Générer des PV et multiplier les recettes. Tels sont les objectifs des nouvelles voitures radars confiées à des sociétés privées. J’ai interviewé Maître Le Dall, avocat au Barreau de Paris, et spécialiste en droit des mobilités, pour savoir si ces autos étaient légales et quels étaient les recours possibles en cas de délit.

450 voitures radars banalisées fin 2021

Panique sur les routes de l’Hexagone. La France, avant-gardiste en matière de radars, inspiratrice et exportatrice de son « savoir-faire » à l’étranger, remet le couvert avec ses voitures radars banalisées.
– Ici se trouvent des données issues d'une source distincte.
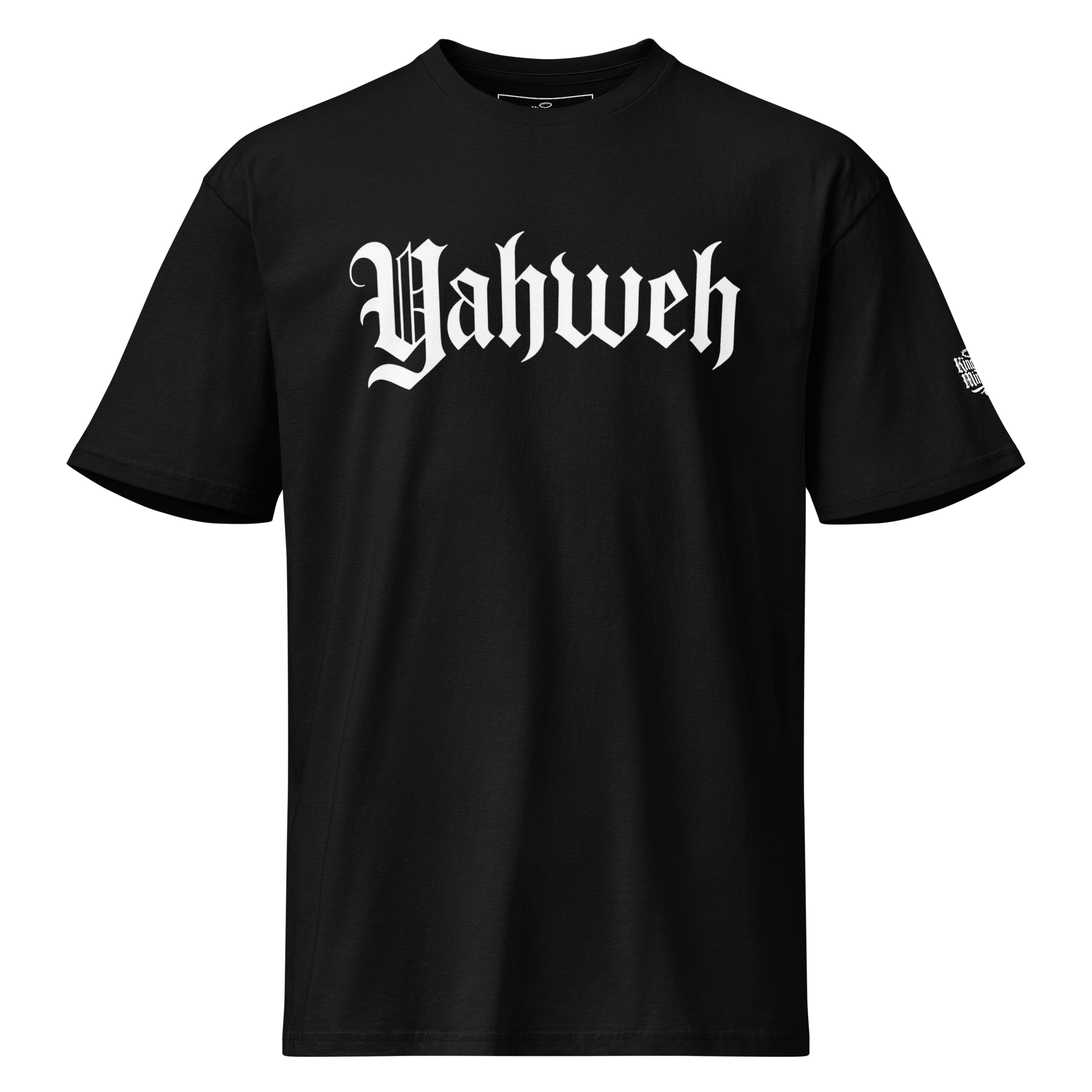 Yahweh Short Sleeve Tee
Si les Renault Megane, les dinosaures de ce type de radars, avaient échoué à rentabiliser le système tant elles étaient voyantes, les nouveaux modèles qui déboulent seront, pour leur part, impossibles à identifier. Ce sont les véhicules de Monsieur et Madame Tout-le-monde (Type Peugeot 208 ou VW Golf), qui sillonneront les routes au rythme effréné des 3 X 8, dimanche et jours fériés compris. Ecologique ? Pas vraiment. Car des autos électriques ne pourraient parcourir la distance exigée pour piéger les conducteurs. Mais ce qui compte, c’est bien de faire recette en amortissant aussi à la fois le mazout et l’entretien utilisés par ces pièges anonymes sur roues. Et pour cela, selon le projet de loi de finances pour 2021, 450 voitures banalisées seront opérationnelles d’ici à la fin de l’année.

« Pour multiplier les PV, l’Etat entend jouer sur la cacophonie des routes nationales »

Compte tenu de la marge d’erreur technique plus importante (+- 10km/h) de ces voitures banalisées, Maître Le Dall pense qu’il s’agit de « se concentrer sur les excès de vitesse plus importants ». Comment ? « En faisant naviguer sur les autoroutes et routes secondaires, des véhicules banalisés qui ne flashent pas et qui sont donc très difficilement détectables. Mais aussi en jouant sur la cacophonie des 80/90 km/h des routes nationales. Certaines sont repassées à 90 km/h, d’autres non et l’automobiliste s’y perd facilement ». Maitre Le Dall souligne aussi que ces opérateurs privés vont encore une fois « se focaliser uniquement sur la vitesse qui est, certes, un facteur aggravant, mais que d’autres facteurs favorisent l’insécurité routière alors que que 85 % des excès de vitesse sont de -10km/h » (et 95 % de moins de 20 km/h) ». L’Etat se concentre donc uniquement sur la répression de la vitesse et plein de petits points seront ainsi perdus.

Voitures radars : validité du système et recours

« L’externalisation vers des opérateurs privés est légale, explique Maître Le Dall. Mais il faudra vérifier de plus près encore les clichés émis par ces autos banalisées. Il faudra également s’assurer des conditions de verbalisations« .

Bien sûr, ces voitures radars confiées au secteur privé, posent une question éthique : seuls les opérateurs rentables verront leur appel d’offre renouvelé. L’objectif « moins de morts sur les routes » semble en cela relégué au second plan et la notion d’automobilistes piégés plus évident. De plus, le contexte de prise de décision est particulier : avec les nouvelles normes CO2, tout un pan du parc automobile va devoir être renouvelé et le taux de chômage, en raison de la pandémie, est particulièrement élevé ces derniers temps. Un choix politique de « terreur policière » difficile à expliquer alors qu’il y a également un regain pour les transports individuels face aux risques sanitaires pris en empruntant les transports en commun et que la revendication des gilets jaunes, il y a deux ans à peine, n’étaient autre que le prix de l’essence, des taxes, des péages et des radars…

Une affaire juteuse pour l’Etat en déficit suite à la détérioration de radars fixes et même tourelles ? Affirmatif. Selon les premières estimations, on passerait de 1,5 million de PV par an pour excès de vitesse à 12 millions. Avec un tarif allant de 45 et 90 euros l’amende, la Ligue des conducteurs table sur 810 millions d’euros de recettes pour les caisses de l’État, soit l’équivalent de ce qu’a rapporté en 2019 l’intégralité des radars. 

Conclusion de CharlotteAuVolant : pas de doute, la France a un réel savoir faire dans le luxe, la bouffe et… les radars.